[Directions]
In the records below, the line with "PRAI Beauty Ageless" opens the range and the line with "一位患有頭髮稀疏和頭髮問題的男士的治療前後對比圖 一位患有頭髮稀疏和頭髮問題的男士的治療前後對比圖 127950198" closes it; print that range exactly and nothing else.

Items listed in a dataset
++++
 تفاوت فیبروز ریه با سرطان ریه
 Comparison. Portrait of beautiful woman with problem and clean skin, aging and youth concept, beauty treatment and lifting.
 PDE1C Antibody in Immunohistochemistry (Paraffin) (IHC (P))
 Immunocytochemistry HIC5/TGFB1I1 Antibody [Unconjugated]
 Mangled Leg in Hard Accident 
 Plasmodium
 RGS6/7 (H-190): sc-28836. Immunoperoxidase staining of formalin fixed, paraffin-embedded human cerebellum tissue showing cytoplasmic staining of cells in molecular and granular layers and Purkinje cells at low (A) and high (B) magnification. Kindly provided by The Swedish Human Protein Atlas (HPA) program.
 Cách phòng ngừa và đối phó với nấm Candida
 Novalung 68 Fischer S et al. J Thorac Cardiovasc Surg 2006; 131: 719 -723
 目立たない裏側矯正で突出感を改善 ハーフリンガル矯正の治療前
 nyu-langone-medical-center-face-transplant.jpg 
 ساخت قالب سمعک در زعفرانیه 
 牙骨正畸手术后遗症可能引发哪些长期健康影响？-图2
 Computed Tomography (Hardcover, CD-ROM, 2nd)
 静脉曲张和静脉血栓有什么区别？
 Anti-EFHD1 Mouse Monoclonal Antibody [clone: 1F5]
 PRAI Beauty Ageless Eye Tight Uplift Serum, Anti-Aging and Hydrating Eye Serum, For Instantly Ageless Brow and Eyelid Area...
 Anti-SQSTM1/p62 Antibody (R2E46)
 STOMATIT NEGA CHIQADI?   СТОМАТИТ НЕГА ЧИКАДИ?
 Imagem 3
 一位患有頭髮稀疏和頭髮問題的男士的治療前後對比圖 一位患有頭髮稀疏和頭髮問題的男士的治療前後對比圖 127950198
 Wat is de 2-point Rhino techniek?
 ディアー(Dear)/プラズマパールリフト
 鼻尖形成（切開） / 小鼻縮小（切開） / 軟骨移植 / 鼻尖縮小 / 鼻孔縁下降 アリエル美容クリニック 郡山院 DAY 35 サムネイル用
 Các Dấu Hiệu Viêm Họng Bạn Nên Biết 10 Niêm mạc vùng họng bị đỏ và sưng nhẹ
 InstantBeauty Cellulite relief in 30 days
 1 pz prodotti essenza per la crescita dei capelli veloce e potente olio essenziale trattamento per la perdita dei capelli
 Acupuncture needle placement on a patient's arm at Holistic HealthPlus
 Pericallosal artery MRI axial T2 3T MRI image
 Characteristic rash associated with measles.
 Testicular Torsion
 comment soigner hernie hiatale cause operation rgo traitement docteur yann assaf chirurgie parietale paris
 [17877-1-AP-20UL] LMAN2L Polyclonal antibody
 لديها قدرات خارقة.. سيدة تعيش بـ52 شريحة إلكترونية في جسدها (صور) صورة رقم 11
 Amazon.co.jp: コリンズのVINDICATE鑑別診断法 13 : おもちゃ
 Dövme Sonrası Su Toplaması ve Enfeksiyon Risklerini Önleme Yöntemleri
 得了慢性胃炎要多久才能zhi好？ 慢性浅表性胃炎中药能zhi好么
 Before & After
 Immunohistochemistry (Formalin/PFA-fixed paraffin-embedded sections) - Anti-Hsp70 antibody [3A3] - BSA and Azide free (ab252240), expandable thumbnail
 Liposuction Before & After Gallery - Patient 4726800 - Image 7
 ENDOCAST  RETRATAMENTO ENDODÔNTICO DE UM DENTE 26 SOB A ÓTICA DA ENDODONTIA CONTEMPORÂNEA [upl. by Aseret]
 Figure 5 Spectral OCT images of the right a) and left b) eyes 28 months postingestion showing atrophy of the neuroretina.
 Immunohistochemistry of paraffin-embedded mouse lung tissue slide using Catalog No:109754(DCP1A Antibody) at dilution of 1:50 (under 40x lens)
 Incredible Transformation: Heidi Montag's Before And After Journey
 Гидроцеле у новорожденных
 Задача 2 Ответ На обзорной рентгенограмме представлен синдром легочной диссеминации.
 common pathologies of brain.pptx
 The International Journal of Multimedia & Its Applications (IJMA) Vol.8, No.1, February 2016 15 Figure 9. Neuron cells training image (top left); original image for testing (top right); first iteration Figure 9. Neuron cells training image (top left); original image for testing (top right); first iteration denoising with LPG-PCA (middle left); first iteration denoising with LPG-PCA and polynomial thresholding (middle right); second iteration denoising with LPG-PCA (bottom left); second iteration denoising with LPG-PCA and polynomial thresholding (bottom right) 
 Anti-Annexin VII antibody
++++
[Exercise solution]
 PRAI Beauty Ageless Eye Tight Uplift Serum, Anti-Aging and Hydrating Eye Serum, For Instantly Ageless Brow and Eyelid Area...
 Anti-SQSTM1/p62 Antibody (R2E46)
 STOMATIT NEGA CHIQADI?   СТОМАТИТ НЕГА ЧИКАДИ?
 Imagem 3
 一位患有頭髮稀疏和頭髮問題的男士的治療前後對比圖 一位患有頭髮稀疏和頭髮問題的男士的治療前後對比圖 127950198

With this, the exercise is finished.